■ Task instructions
Beginning with the line that contains "image for item", restate each line below through the final one exactly, and exclude the pictures.

■ Provided material
☆ ☆ ☆ ☆ ☆

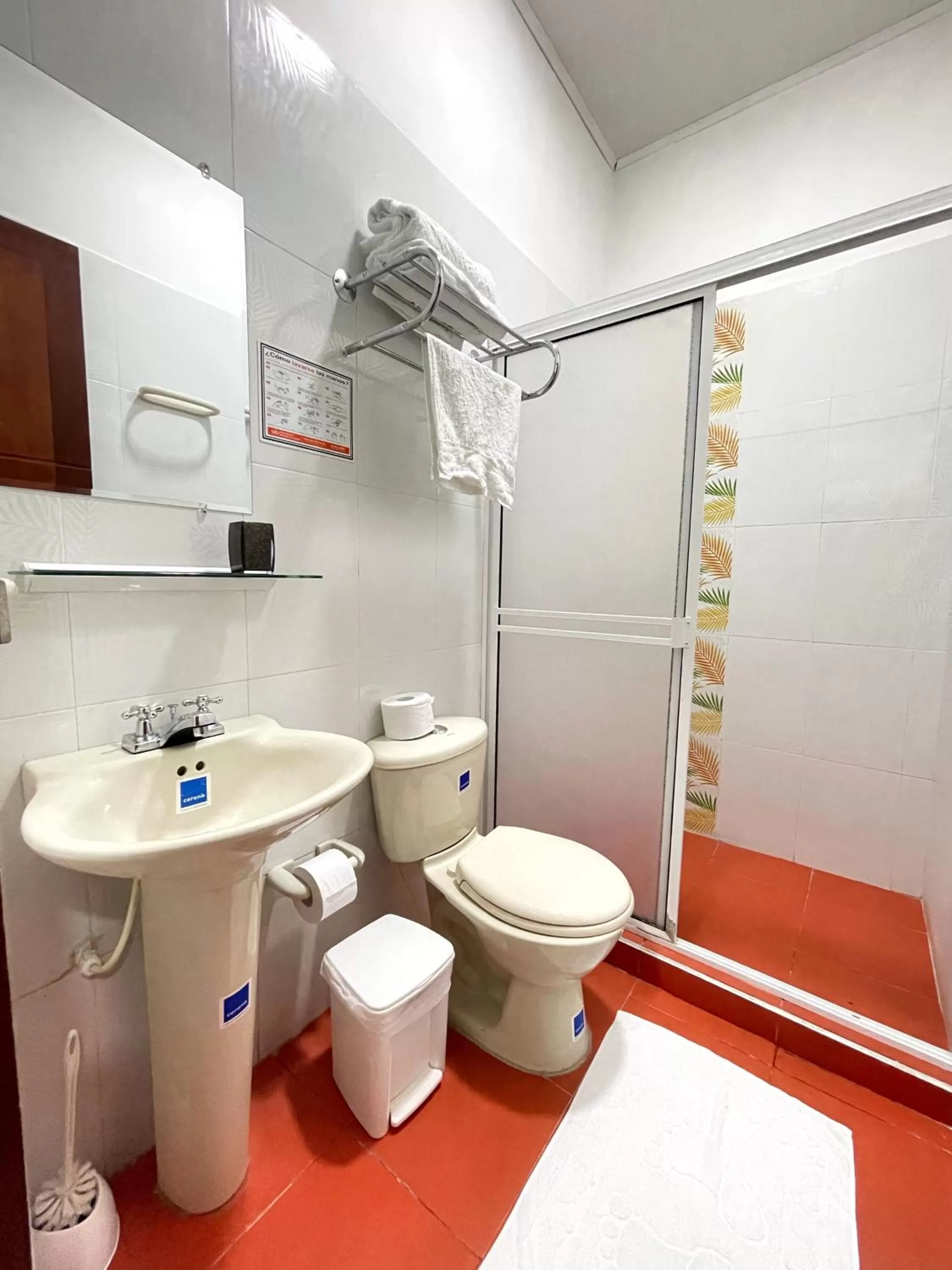 Bathroom in Apartahotel Caribe Diez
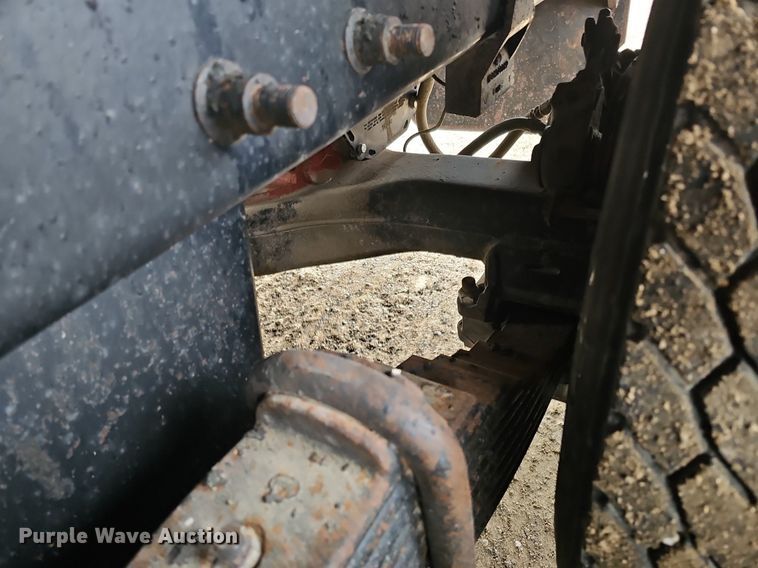 image for item DQ8664 2002 Mack CV713 dump truck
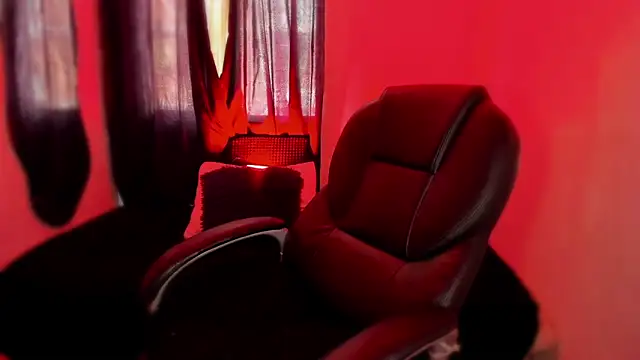 isabelithaa online show from 05/06/26, 02:55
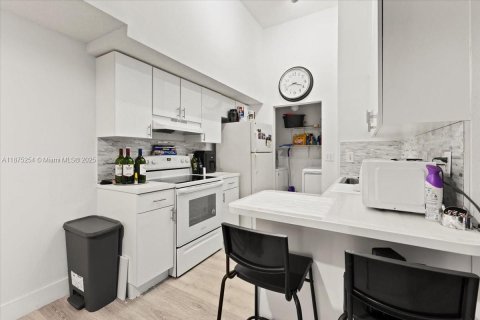 Condominio en venta en Davie, Florida, 2 dormitorios, 85.1 m2 № 1895948 - foto 5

☆ ☆ ☆ ☆ ☆

■ Answer to this exercise
 image for item DQ8664 2002 Mack CV713 dump truck
 isabelithaa online show from 05/06/26, 02:55
 Condominio en venta en Davie, Florida, 2 dormitorios, 85.1 m2 № 1895948 - foto 5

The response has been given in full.